Tommy K discovered his love for craft beer when his dad said he had to get a job or he’d get kicked out of the house. The only place that would hire him is the now defunct “Suds & Buds Beerworks” in Vista, where he worked as a keg washer / junior cellarman for 5 months before getting fired for blazing and ditching work to catch waves. We’re also legally obligated to tell you that he’s a registered sex offender. Drink local!

Aaron Scott

Head Brewer

A functioning alcoholic since freshman year of college, Aaron majored in Brewing & Viticulture at the South Harmon Institute of Technology. He was totally stoked to lend his expertise to Sleepaway’s state-of-the-art brewing system when he found out about it, because we’re so chill. He eats California burritos every day, and his favorite beer is bourbon. 



Long tortured by the tragic death of his twin brother Addison, Raddison earned his first million before the age of 21 with his multiple startup companies. Bored with the corporate life, he donated all of his assets to charity in order to save hungry children. After winning over a dozen gold medals at multiple different breweries, Raddison decided to retire. He currently enjoys brewing pro-bono here at Sleepaway Brew Co.


Tasting Room Manager

Born Elizabeth Walsh, “Kylie” has been on the run from federal police for 3 years. She enjoys bartending because of the cash tips. We’re not exactly sure what she’s in trouble with the cops for, but it’s probably murder.


Accountant/Business Major/Nerd

At Sleepaway Brew Co, we like things to be chill. But someone has to figure out all the paperwork and numbers and stuff.
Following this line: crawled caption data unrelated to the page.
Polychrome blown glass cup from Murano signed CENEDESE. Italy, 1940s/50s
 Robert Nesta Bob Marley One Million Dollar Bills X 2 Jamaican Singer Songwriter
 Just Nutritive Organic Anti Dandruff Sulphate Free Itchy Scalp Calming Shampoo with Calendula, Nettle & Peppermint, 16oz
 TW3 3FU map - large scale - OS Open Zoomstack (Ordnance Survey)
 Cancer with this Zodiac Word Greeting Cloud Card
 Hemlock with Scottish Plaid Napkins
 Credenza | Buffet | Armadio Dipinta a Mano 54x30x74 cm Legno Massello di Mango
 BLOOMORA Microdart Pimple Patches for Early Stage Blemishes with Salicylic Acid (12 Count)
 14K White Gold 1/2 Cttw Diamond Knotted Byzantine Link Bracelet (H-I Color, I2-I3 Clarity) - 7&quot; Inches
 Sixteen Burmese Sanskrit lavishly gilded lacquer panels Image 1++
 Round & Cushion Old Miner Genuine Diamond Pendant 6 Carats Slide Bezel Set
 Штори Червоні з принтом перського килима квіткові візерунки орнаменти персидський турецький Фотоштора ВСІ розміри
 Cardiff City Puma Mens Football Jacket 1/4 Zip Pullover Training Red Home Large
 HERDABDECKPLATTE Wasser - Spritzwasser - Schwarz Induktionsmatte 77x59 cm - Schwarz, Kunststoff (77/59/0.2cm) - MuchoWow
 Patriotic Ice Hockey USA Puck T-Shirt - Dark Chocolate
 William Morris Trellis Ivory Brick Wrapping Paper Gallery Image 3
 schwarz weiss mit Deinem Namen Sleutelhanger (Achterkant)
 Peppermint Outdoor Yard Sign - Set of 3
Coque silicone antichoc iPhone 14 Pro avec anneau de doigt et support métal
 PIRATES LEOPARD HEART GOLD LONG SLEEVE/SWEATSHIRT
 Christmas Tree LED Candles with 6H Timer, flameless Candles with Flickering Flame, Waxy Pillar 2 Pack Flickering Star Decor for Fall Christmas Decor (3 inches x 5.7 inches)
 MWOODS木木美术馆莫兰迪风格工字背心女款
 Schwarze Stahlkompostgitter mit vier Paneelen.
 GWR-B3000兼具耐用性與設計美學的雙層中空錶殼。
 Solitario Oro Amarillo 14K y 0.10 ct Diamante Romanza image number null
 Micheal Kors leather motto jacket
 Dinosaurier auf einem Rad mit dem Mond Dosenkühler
That’s where this guy comes in! Alexander graduated summa cum laude with an MBA from some expensive college. He takes care of all the boring stuff, like “liquor licenses”. But he doesn’t even drink, what a nerd!

David Ray


Since our brewery is located so close to many halfway houses and the county jail, we get a lot of undesirables in our tasting room. That’s where David comes in! Dishonorably discharged from the USMC for mental health reasons, David owns at least 5 unregistered guns.